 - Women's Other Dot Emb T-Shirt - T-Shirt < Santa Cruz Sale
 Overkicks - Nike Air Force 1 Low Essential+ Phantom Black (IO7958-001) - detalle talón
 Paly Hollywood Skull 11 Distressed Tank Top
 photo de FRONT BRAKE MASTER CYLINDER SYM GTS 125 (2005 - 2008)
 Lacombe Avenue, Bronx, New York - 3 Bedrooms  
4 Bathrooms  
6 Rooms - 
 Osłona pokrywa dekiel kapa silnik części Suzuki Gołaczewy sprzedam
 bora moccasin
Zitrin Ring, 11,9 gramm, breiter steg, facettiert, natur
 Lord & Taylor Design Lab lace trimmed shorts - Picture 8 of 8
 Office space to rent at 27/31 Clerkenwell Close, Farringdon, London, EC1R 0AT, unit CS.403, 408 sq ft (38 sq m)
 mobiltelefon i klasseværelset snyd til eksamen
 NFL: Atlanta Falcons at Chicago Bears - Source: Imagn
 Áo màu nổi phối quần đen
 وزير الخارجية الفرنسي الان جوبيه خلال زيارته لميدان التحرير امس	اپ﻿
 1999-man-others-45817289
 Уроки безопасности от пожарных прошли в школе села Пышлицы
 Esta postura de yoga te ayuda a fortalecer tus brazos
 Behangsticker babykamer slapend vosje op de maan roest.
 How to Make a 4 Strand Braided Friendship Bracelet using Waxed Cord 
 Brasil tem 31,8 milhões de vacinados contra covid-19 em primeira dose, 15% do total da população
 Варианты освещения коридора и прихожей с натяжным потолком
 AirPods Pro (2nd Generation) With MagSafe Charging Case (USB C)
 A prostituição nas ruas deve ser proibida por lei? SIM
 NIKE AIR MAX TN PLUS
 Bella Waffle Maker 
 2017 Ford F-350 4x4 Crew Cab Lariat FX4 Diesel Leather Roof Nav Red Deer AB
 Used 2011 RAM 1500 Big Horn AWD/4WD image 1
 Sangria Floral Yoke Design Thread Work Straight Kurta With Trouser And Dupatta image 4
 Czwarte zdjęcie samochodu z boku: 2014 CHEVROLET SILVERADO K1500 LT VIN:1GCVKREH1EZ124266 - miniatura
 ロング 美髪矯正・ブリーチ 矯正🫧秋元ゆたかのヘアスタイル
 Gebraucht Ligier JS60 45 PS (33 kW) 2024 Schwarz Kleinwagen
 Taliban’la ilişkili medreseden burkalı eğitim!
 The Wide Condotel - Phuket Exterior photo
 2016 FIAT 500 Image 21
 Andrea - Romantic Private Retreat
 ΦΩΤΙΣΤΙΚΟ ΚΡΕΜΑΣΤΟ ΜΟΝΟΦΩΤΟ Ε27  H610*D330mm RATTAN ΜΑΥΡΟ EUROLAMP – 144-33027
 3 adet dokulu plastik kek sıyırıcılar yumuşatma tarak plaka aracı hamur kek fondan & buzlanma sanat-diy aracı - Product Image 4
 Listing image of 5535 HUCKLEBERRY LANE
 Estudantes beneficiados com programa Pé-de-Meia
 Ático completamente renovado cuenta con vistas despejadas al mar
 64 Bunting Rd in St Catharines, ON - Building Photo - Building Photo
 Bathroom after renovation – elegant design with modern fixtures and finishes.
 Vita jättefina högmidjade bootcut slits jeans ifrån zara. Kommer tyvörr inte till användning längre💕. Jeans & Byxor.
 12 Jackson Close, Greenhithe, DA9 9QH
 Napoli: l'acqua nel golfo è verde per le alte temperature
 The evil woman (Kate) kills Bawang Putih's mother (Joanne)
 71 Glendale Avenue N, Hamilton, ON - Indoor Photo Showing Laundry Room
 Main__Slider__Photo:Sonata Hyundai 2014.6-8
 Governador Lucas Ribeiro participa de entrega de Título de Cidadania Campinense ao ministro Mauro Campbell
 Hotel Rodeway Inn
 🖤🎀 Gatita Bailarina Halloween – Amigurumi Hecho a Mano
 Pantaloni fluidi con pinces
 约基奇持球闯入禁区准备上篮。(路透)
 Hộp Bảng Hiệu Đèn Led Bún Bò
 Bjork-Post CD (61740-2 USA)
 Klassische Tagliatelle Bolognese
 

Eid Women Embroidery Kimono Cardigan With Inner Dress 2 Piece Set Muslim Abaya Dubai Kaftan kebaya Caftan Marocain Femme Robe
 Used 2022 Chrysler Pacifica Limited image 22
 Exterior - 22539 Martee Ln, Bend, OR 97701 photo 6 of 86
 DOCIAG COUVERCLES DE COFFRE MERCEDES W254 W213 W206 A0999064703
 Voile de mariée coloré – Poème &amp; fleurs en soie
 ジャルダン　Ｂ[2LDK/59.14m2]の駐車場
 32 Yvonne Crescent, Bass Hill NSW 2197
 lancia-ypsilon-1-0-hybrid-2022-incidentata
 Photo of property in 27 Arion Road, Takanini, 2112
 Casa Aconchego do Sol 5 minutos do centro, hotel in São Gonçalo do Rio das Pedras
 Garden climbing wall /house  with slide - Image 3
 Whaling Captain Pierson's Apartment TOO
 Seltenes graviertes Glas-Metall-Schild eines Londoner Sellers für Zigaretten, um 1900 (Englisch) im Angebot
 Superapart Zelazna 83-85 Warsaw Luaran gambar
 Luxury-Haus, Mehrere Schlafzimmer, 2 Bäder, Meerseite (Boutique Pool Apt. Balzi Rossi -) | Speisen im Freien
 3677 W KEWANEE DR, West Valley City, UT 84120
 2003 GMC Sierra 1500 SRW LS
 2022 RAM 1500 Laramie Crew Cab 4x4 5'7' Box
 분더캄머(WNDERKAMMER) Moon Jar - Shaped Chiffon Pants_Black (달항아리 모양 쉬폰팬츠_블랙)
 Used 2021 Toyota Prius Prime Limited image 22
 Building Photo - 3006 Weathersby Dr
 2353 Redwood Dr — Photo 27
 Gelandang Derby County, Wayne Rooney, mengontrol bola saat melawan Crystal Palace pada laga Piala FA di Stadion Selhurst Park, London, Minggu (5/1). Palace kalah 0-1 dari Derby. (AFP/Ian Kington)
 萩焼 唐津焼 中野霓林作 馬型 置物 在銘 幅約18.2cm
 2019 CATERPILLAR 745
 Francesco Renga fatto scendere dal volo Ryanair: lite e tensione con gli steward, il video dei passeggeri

————————

**What you are asked to do**
Look above for the line holding "A prostituição nas" and the line holding "ΦΩΤΙΣΤΙΚΟ ΚΡΕΜΑΣΤΟ ΜΟΝΟΦΩΤΟ". Retype both, and every line between them, word for word and nothing else.

**Task response**
 A prostituição nas ruas deve ser proibida por lei? SIM
 NIKE AIR MAX TN PLUS
 Bella Waffle Maker 
 2017 Ford F-350 4x4 Crew Cab Lariat FX4 Diesel Leather Roof Nav Red Deer AB
 Used 2011 RAM 1500 Big Horn AWD/4WD image 1
 Sangria Floral Yoke Design Thread Work Straight Kurta With Trouser And Dupatta image 4
 Czwarte zdjęcie samochodu z boku: 2014 CHEVROLET SILVERADO K1500 LT VIN:1GCVKREH1EZ124266 - miniatura
 ロング 美髪矯正・ブリーチ 矯正🫧秋元ゆたかのヘアスタイル
 Gebraucht Ligier JS60 45 PS (33 kW) 2024 Schwarz Kleinwagen
 Taliban’la ilişkili medreseden burkalı eğitim!
 The Wide Condotel - Phuket Exterior photo
 2016 FIAT 500 Image 21
 Andrea - Romantic Private Retreat
 ΦΩΤΙΣΤΙΚΟ ΚΡΕΜΑΣΤΟ ΜΟΝΟΦΩΤΟ Ε27  H610*D330mm RATTAN ΜΑΥΡΟ EUROLAMP – 144-33027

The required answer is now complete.